-------- Data provided --------
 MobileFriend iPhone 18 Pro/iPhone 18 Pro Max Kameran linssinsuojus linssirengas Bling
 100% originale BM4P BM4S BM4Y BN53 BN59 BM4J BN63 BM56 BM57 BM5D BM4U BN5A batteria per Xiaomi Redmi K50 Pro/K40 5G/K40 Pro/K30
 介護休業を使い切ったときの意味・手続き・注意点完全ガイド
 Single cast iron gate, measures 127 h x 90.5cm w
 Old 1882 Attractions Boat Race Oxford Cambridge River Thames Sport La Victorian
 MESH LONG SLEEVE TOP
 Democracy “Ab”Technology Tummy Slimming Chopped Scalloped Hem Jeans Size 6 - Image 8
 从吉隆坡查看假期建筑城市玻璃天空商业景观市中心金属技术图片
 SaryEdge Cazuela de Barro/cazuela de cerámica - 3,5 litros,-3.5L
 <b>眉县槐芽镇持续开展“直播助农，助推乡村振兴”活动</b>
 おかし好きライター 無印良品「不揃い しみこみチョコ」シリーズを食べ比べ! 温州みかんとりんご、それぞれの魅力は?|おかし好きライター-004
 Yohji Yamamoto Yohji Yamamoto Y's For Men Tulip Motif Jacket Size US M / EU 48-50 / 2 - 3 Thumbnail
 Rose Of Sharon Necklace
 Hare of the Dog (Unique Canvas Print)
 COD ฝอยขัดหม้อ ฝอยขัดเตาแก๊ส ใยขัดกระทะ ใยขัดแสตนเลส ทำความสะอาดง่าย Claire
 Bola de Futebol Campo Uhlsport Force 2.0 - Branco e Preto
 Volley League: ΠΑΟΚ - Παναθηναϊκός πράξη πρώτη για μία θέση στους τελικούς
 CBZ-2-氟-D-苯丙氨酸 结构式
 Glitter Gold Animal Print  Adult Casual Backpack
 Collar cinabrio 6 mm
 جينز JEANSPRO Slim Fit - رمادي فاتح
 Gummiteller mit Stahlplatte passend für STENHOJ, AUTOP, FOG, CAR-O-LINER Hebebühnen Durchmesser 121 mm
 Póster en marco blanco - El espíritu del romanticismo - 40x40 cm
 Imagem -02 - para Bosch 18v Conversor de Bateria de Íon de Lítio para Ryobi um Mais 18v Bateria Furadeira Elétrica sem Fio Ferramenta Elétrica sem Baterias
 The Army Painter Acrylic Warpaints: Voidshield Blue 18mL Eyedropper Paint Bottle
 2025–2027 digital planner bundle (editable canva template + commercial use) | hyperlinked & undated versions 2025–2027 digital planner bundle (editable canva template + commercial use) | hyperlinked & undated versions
--------
Take the lines above from the first through the one containing "SaryEdge Cazuela de" and reproduce them exactly; include nothing else.

Solution:
 MobileFriend iPhone 18 Pro/iPhone 18 Pro Max Kameran linssinsuojus linssirengas Bling
 100% originale BM4P BM4S BM4Y BN53 BN59 BM4J BN63 BM56 BM57 BM5D BM4U BN5A batteria per Xiaomi Redmi K50 Pro/K40 5G/K40 Pro/K30
 介護休業を使い切ったときの意味・手続き・注意点完全ガイド
 Single cast iron gate, measures 127 h x 90.5cm w
 Old 1882 Attractions Boat Race Oxford Cambridge River Thames Sport La Victorian
 MESH LONG SLEEVE TOP
 Democracy “Ab”Technology Tummy Slimming Chopped Scalloped Hem Jeans Size 6 - Image 8
 从吉隆坡查看假期建筑城市玻璃天空商业景观市中心金属技术图片
 SaryEdge Cazuela de Barro/cazuela de cerámica - 3,5 litros,-3.5L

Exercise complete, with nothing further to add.